В подобном свете теории Лакана, проза Сорокина постулирует себя как стремление обрести «реальное», «реальное» тела, через преодоление текстом символической сети дискурса, а также воображаемой природы литературы, осуществляющее себя в их разрушении. Оставшееся же «пустое место» можно обозначить как реальное в лакановском смысле, тем более что некоторые исследователи (С. Жижек, например) так и склонны его обозначать. Таким образом, «реальное» как до-языковое пространство тела существует для нас только в качестве «черной дыры», поглощающей смысл и разрушающей структуру. С. Жижек специфицирует эту дыру как место травмы. «Реальное» дает о себе знать как травма тела, как травмированное тело, лишенное первоначального единства, разорванное тело (по аналогии с разорванным субъектом). Это, возможно, объясняет такое обилие насилия и шокирующих элементов в произведениях Сорокина. Текст пытается стать телом, но эта телесность поврежденная, травмированная. Иначе «реальное» не может себя манифестировать.
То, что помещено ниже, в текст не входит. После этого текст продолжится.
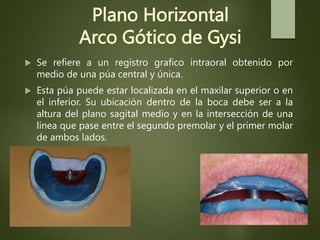 Plano Horizontal
Arco Gótico de Gysi
 Se refiere a un registro grafico intraoral obtenido por
medio de una púa central y única.
 Esta púa puede estar localizada en el maxilar superior o en
el inferior. Su ubicación dentro de la boca debe ser a la
altura del plano sagital medio y en la intersección de una
línea que pase entre el segundo premolar y el primer molar
de ambos lados.
 
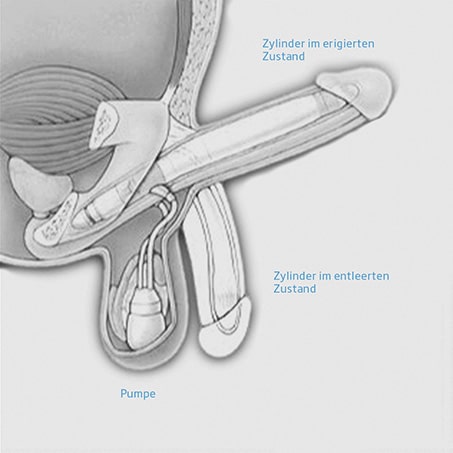 IPP Behandlung - Penisprothese AMS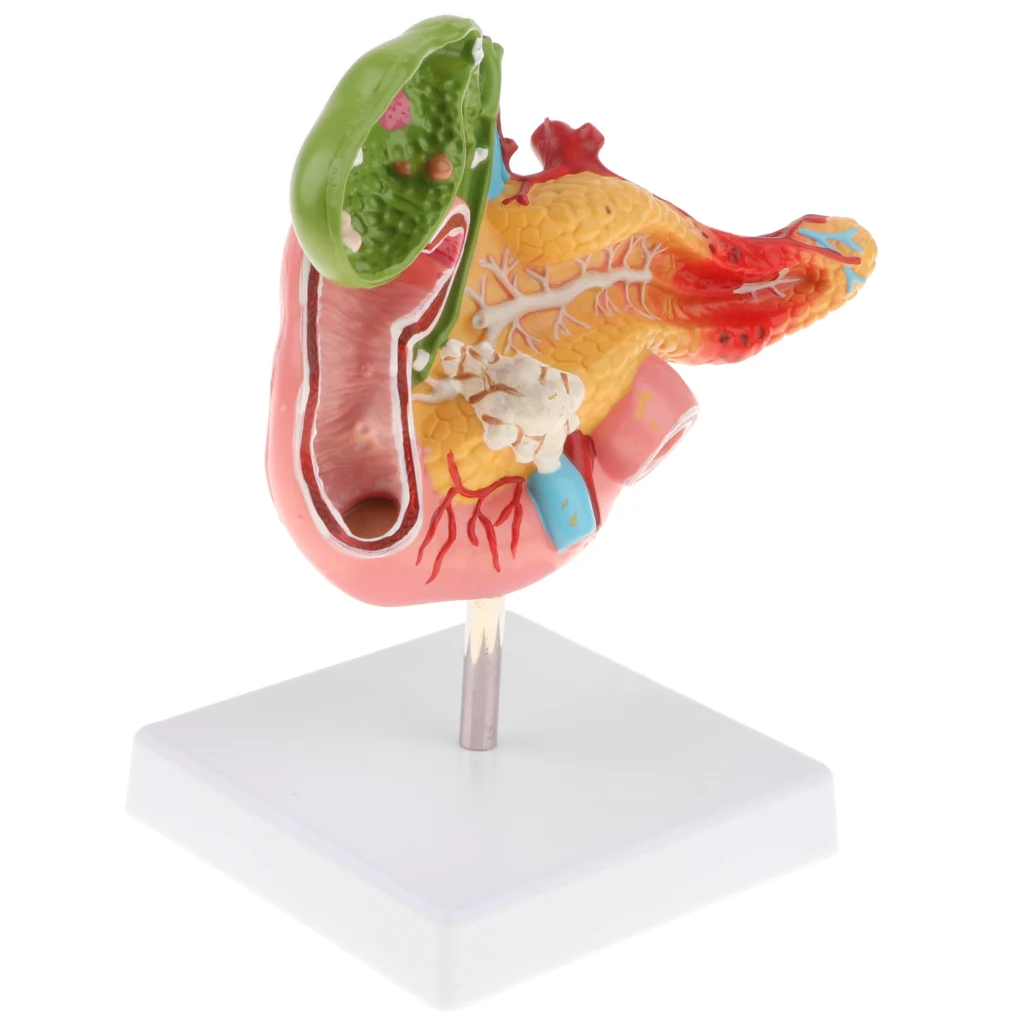 1:1 Human Pancreas Duodenum Gallbladder Pathological Anatomical Model Lab Supplies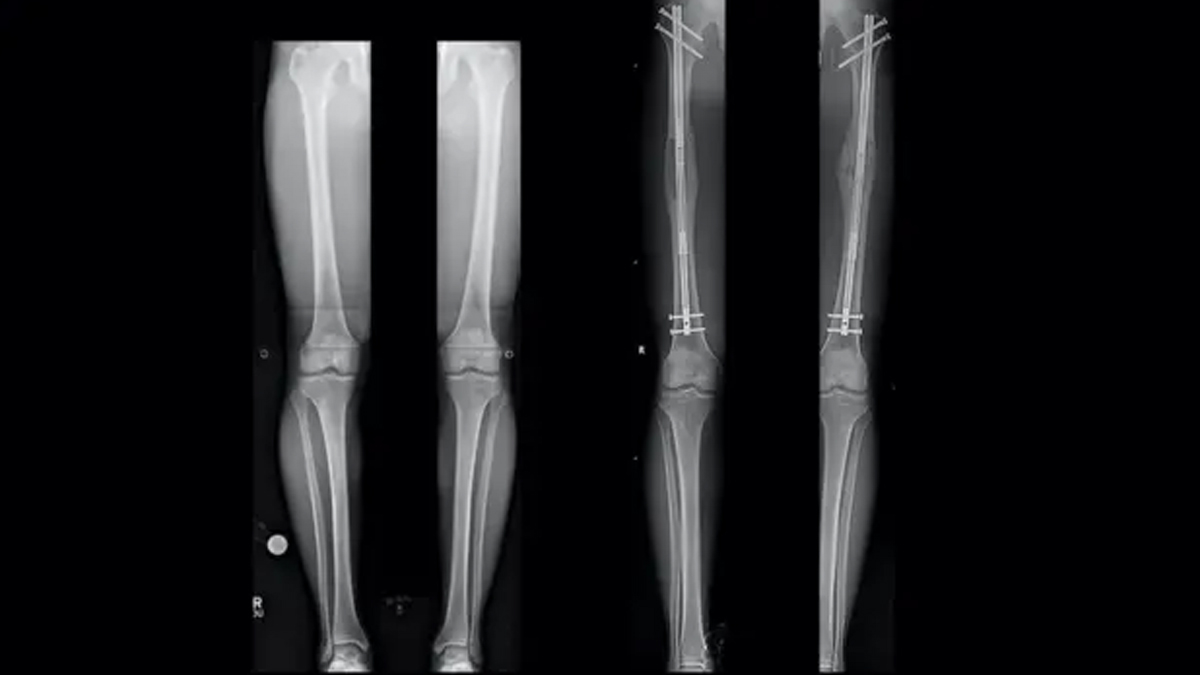 Leg-Lengthening Surgery process 1 - 2025-09-09T120911.388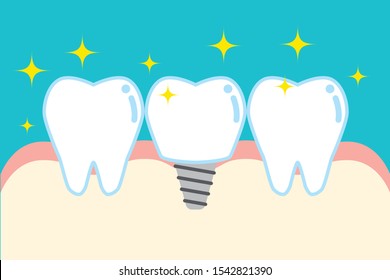 Illustration of removal of tooth
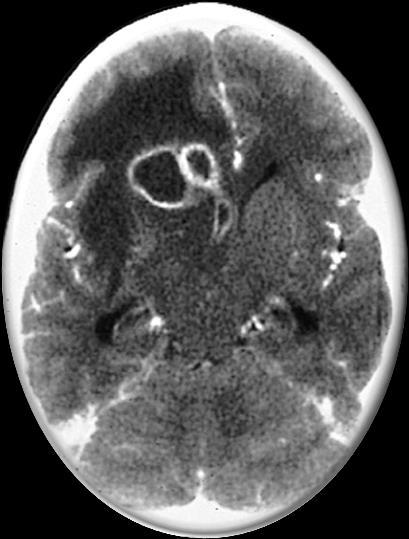 Osteomyelitis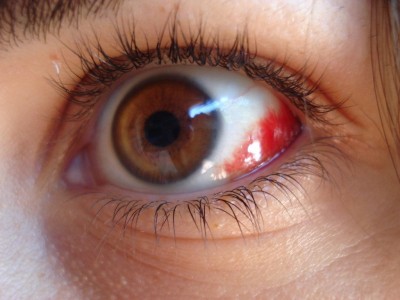 Hemorragia subconjuntival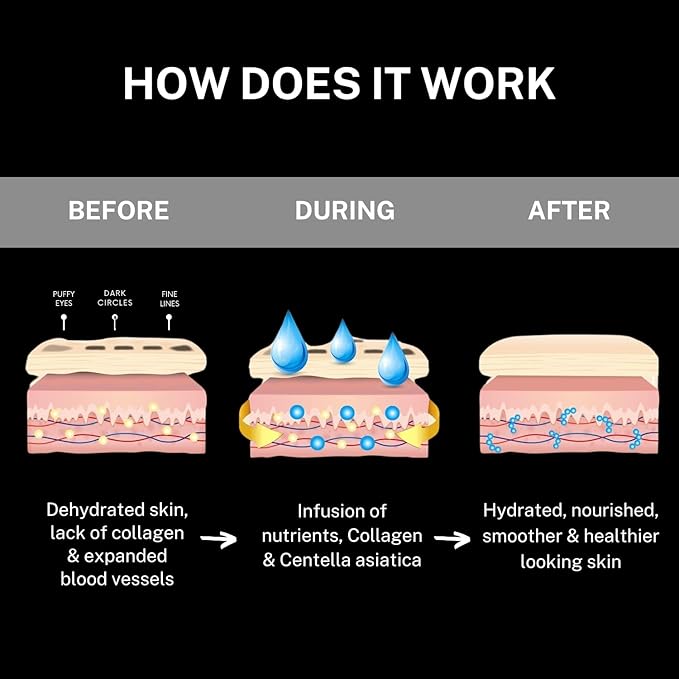 CÉLOR Under Eye Patches for Puffy Eyes and Dark Circles (32 Pairs) with Amino Acid & Collagen - Under Eye Masks Great for Bachelorette Party Favors, Swag Bag Stuffers, Spa Gifts for Women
По-настоящему «пустое место» литературы может выступать только как травма, полученная вследствие разрушения символического и воображаемого порядков. Попытка нахождения вне-культурного тела, тела, не зафиксированного в символическом порядке, тела вненаходимого по отношению к дискурсу, разрешается в нахождении травмированного тела, искореженного тела. Недаром С. Жижек называет порядок реального «непристойным», а сам Лакан в «Семинарах» метафорически обозначает реальное как «наросты на горле Ирмы» (из сновидения об инъекции Ирме в работе З. Фрейда «Толкование сновидений»). «Реальное» неприглядно, так же как непригляден текст, стремящийся стать телом, литература, желающая перестать быть таковой.
В итоге, интенция Сорокина очевидна: дойти до пределов литературы, нащупать ту точку, где литература разрушает сама себя. Тексты Сорокина, конечно же, не находятся вне литературы — Сорокин слишком много думает о литературе, чтобы оказаться выключенным из нее. Однако обсуждаемое выше «пустое место» или травматическая телесность не дает ответа на подобное вопрошание. Травма и боль — это только преддверие конца, будет ли сам конец, и возможно ли вообще его спроектировать внутренней «диверсией», вопрос для отдельного рассмотрения. «Конец литературы» подобен Годо Беккета: требует вечной готовности и бесконечного ожидания. Его суть отсрочка, а не революция, и это плюс (или минус) современной культуры, а, значит, фактор объективный.